Production Activity Control –Capacity Loading

by James P. Tate on December 4, 2013

When scheduling a manufacturing plant it is important to give the plant to correct amount of load to match its capacity. Over loading a plant (putting in more work than can be produced in a time period) is counterproductive. It leads to confusion among the production supervisors, frustration for the salesmen and wasted resources.

The method of loading a production plant is important to preventing this problem. There are two general methods of determining what orders to send to the plant.

1. Infinite loading- adding all the work orders to the operation schedule based only on the completion date of each order. No consideration for capacity is given with this method.

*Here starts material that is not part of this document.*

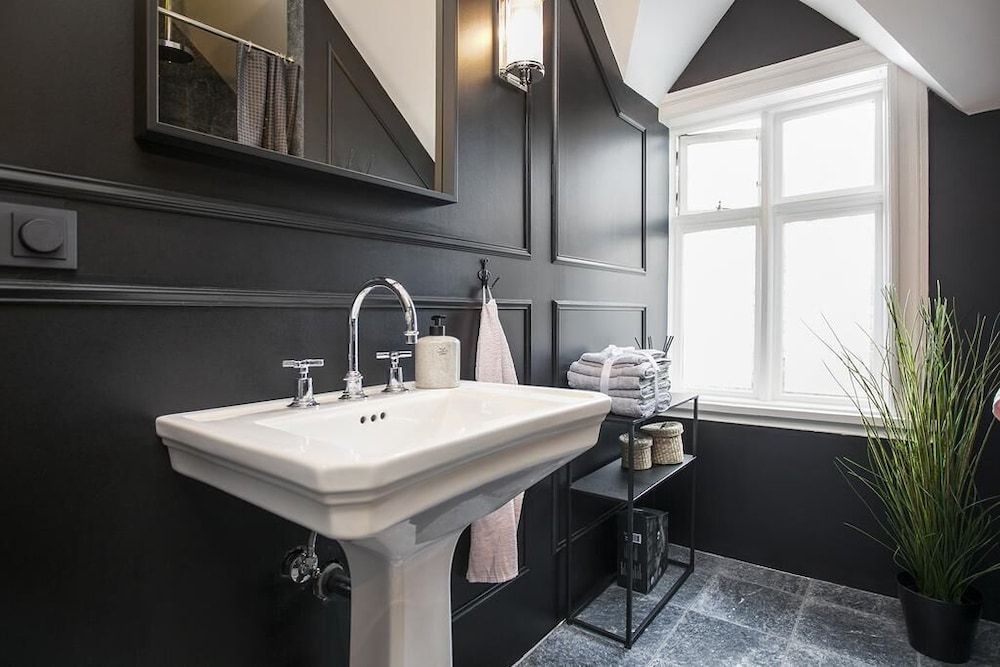 Suðurgata - Luxury Dream Apartment Apartment, 2 Bedrooms 24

2. Finite loading- adding no more work to the production operations than can be absorbed in a given time period. Orders that can’t fit in the desired time period are moved back to the next time slot.

It seems obvious that Finite loading is the best method. Why would anyone deliberately load a plant without regard to its capacity? Actually, both methods may have to be employed in scheduling the production operations. Using infinite loading initially will identify those work orders that must be completed to meet the customer delivery date. If this load is within the plant capacity limits, the orders can be launched into production. If the infinite load surpasses the plant capacity, a management decision must be made to select which orders to start, and which orders to delay until there is available capacity. This should be a senior management decision since it directly affects the performance of the production operations and the customer relations. This decision cannot be left to production supervisors or even the production scheduler. Manufacturing and Sales input is necessary to select work orders and to advise the customers of their new delivery dates.

Once you have used Infinite Loading to identify the extent of the overload condition, you can address which orders to move and reschedule. To say, “everything is critical and must go on time” is to avoid the responsibility and to ignore reality. If senior management won’t, or can’t, make these rescheduling decisions, the first line supervisors will make them. Do you really want a first line supervisor making an important decision about customer on-time delivery when he doesn’t know the importance of the customer?

The issue of plant loading can be calculated by a production scheduler, but it falls to senior management to make the serious decisions about priorities of customers and the use of plant resources to need customer needs. Don’t avoid the problem, pretend it doesn’t exist, or hope that it will magically go away. Face the priorities and reschedule according to the management goals. It will pay dividends!